Proof. Suppose $a^{(1)} \geq a^{(2)} \geq a^{(3)} \geq \cdots$ is an infinite descending chain in $\mathcal{I}_{d+1}.$  We want to show that eventually the chain stabilizes: there exists $N$ such that $a^{(n)} = a^{(N)}$ for $n \geq N.$

$($A remark about notation: $a^{(N)} \in \mathcal{I}_{d+1}$ is a tuple in our infinite descending chain of tuples.  For $i \in \mathcal{I}_d,$ the $i$-th entry of this tuple is $a^{(N)}_i.)$

Let $j \in \mathcal{I}_d$ be an index; we say that the sequence $(a^{(n)})$ stabilizes to the right of index $j$ if there exists a positive integer $N$ such that
$$a^{(n)}_i = a^{(N)}_i$$
whenever $i \geq j$ and $n > N.$

Since $\mathcal{I}_d$ is well-ordered, we can choose $j$ minimal such that our sequence stabilizes to the right of $j;$ also choose $N$ as above, so that $(a^{(n)})_i = (a^{(N)})_i$ whenever $i \geq j$ and $n > N.$

The tuple $a^{(N)}$ has only finitely many nonzero entries.  If $a^{(N)}_k = 0$ for all $k < j$, then the sequence stabilizes at $a^{(N)}$ and we are done.  Otherwise, choose $k$ maximal such that $k < j$ and $a^{(N)}_k > 0.$   (There are only finitely many $k$ with $a^{(N)}_k > 0,$ so again there is no harm in choosing the maximum.)
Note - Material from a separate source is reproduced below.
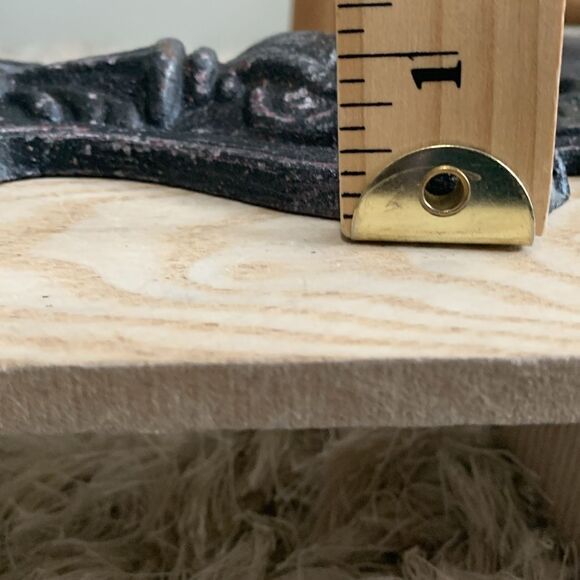 Distressed Style Cast Metal Decorative Wall Hook - Picture 15 of 17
I claim that in fact the sequence stabilizes to the right of index $k$, contradicting our choice of $j.$  Consider an index $i \geq k.$  If $i \geq j$ then we know $(a^{(n)})_i = (a^{(N)})_i$ for $n > N.$  If $k < i < j$ then $a^{(N)}_i = 0;$ and by the lexicographic ordering on $\mathcal{I}_{d+1}$ we know that $a^{(n)}_i = 0$ for $n > N$ as well.  So we only need to worry about $i = k.$  Again by lexicographic ordering, the sequence
$$a^{(N)}_k, a^{(N+1)}_k, a^{(N+2)}_k, \ldots$$
is a nonincreasing sequence of natural numbers.  Any such sequence in $\mathbb{N}$ eventually stabilizes.  So our sequence $(a^{(n)})$ stabilizes to the right of $k$ as well, contradicting our choice of $j.$ $\blacksquare$

In closing I'll just mention that the sets $\mathcal{I}_d$ are examples of ordinals; interpreting them as such gives rise to the proofs linked to at the very beginning of this post.